One part of the entries below is wanted: the lines from the one containing "Building Photo - 5821 Royal Ridge Dr" through the one containing "Condo in Miramar, Florida, 3". Write those out exactly and nothing else.
==== Data listing ====
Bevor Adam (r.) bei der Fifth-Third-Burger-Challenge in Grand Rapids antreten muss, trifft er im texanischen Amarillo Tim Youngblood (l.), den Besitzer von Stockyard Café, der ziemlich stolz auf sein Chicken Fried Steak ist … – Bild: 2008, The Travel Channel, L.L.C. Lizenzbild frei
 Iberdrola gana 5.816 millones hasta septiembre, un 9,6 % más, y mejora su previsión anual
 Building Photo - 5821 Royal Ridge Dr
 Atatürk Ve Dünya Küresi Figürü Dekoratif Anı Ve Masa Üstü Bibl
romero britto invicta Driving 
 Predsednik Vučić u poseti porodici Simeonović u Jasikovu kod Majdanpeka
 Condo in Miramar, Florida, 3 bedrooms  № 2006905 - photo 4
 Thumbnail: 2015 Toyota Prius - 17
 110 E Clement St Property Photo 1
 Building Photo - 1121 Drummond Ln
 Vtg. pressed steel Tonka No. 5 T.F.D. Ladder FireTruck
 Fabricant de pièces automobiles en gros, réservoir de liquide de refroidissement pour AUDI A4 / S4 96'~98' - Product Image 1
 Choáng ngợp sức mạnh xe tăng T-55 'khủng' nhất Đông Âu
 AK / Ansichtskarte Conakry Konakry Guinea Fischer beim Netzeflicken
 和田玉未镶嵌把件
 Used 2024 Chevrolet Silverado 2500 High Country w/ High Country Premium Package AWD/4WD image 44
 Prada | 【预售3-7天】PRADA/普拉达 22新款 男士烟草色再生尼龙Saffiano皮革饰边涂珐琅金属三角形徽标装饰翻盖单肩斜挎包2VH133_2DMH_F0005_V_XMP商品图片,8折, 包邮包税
====
Result below:
 Building Photo - 5821 Royal Ridge Dr
 Atatürk Ve Dünya Küresi Figürü Dekoratif Anı Ve Masa Üstü Bibl
romero britto invicta Driving 
 Predsednik Vučić u poseti porodici Simeonović u Jasikovu kod Majdanpeka
 Condo in Miramar, Florida, 3 bedrooms  № 2006905 - photo 4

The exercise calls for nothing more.